RIZE Massachusetts (Boston, MA)
GE Foundation, RIZE Massachusetts (RIZE), and Shatterproof, released the results of a year-long Massachusetts-wide project, “Opportunities to Increase Screening and Treatment of Opioid Use Disorder among Healthcare Professionals.” The goal of the white paper was to understand and identify opportunities to overcome stigmas that prevent certain healthcare providers from screening and treating patients with opioid use disorder (OUD) and close the treatment gap. The research found that stigma associated with OUD extends to the provider community, where a minority of providers are trained in addiction, find treating OUD satisfying, or want to work with OUD patients.
The project consisted of both qualitative research and a quantitative survey. Following review of existing research and stigma reduction initiatives, as well as focus groups with patients, family members, and health care providers, and a thought leader roundtable discussion, Shatterproof developed the 15-minute quantitative online survey. The survey was targeted towards the primary project specialties – Emergency Medicine (EM), Family Medicine (FM)/Internal Medicine (IM), and OBGYN/Women’s Health – as well as addiction specialists, pediatric providers, psychiatry providers, and social workers, as a point of comparison.
Key survey findings among respondents include:
- Only 1 in 4 providers had received training on addiction during medical education.
- Only 1 in 10 EM providers found caring for patients with OUD satisfying.
- Less than 50 percent of EM and FM/IM providers believed that OUD is treatable.
- Almost one-third of providers with more than 20 years of tenure tended to have a stronger preference for not working with patients with OUD.
- Almost half of providers felt patients would not be honest about their opioid use if asked directly.

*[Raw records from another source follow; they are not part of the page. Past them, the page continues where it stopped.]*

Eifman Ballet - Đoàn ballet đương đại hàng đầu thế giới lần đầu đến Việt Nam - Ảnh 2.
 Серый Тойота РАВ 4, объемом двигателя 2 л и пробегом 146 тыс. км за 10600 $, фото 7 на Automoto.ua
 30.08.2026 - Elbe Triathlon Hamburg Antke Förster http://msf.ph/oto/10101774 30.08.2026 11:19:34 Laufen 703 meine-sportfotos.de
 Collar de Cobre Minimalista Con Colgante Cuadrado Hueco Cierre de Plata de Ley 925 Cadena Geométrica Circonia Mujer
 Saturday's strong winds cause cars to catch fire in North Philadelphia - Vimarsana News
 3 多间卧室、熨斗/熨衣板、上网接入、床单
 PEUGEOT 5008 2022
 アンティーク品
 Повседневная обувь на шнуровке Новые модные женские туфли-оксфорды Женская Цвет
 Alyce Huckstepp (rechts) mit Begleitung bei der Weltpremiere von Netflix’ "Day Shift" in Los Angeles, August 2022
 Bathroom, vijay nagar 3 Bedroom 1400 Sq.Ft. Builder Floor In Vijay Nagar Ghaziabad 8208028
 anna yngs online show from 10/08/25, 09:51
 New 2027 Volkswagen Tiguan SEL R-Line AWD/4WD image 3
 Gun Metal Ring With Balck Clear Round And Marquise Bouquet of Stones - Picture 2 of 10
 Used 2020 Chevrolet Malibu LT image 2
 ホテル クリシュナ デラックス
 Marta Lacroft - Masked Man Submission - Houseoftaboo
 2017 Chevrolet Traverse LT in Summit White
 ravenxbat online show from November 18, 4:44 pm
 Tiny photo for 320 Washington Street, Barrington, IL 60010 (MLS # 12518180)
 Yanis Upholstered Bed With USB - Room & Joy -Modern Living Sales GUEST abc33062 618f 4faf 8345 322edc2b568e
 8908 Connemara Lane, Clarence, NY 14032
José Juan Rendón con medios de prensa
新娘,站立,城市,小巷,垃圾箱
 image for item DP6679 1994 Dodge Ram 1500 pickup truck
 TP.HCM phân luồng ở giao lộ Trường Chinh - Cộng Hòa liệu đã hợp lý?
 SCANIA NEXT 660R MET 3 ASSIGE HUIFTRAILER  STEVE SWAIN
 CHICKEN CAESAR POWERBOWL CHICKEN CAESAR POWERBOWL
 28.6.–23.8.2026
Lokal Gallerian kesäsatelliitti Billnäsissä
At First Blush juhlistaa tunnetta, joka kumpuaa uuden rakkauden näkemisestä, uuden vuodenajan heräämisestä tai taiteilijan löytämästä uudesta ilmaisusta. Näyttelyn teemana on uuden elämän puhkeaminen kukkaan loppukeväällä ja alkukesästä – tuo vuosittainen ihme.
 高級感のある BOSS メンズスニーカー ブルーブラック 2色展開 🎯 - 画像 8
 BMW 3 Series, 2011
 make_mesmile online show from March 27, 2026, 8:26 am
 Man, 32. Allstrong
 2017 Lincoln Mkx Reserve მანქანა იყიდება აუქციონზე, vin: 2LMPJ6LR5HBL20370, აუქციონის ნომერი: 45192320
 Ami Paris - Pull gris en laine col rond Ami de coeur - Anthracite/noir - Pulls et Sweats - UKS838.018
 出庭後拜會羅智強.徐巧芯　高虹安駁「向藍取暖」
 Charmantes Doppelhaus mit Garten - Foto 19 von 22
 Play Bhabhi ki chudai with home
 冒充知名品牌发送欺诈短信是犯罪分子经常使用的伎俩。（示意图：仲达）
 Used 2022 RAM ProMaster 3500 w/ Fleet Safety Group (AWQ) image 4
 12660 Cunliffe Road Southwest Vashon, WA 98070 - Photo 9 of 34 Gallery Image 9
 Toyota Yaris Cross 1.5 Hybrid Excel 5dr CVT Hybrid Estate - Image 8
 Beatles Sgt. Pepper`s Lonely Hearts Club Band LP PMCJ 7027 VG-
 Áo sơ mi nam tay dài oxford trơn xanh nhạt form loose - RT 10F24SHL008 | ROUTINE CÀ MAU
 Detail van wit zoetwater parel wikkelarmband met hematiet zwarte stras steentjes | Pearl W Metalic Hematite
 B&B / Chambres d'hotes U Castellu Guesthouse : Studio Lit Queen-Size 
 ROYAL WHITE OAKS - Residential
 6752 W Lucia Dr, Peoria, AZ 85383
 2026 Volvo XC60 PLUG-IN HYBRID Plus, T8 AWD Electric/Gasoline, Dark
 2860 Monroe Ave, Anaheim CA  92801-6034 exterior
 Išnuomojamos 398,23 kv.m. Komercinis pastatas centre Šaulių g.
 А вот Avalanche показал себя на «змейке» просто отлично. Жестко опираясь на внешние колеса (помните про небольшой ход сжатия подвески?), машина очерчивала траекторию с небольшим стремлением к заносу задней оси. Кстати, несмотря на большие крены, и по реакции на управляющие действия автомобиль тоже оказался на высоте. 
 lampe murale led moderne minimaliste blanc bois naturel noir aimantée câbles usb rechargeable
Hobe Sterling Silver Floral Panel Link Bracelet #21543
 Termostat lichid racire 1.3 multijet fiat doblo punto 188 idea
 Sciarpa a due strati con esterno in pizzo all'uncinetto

- Less than one-third of EM, OBGYN/Women’s Health, or pediatric providers feel very prepared to screen, diagnose, provide brief intervention for, or discuss or provide treatment for OUD.
- Two times as many EM providers than any other specialty believe methadone treatment for OUD is substituting one addiction for another.
- 2 in 5 EM or FM/IM providers feel that treating patients with OUD takes away time and resources from other patients.
- More than 50 percent of Emergency Medicine, FM/IM, OBGYN/Women’s Health providers feel they don’t have sufficient access to behavioral health support to start patients on medication for addiction treatment.
These findings are consistent with those of the project’s qualitative work. The survey insights and learning were used to identify concrete opportunities for stigma-reduction programs and behavior change interventions across and within medical specialties, in order to increase screening and treatment of OUD.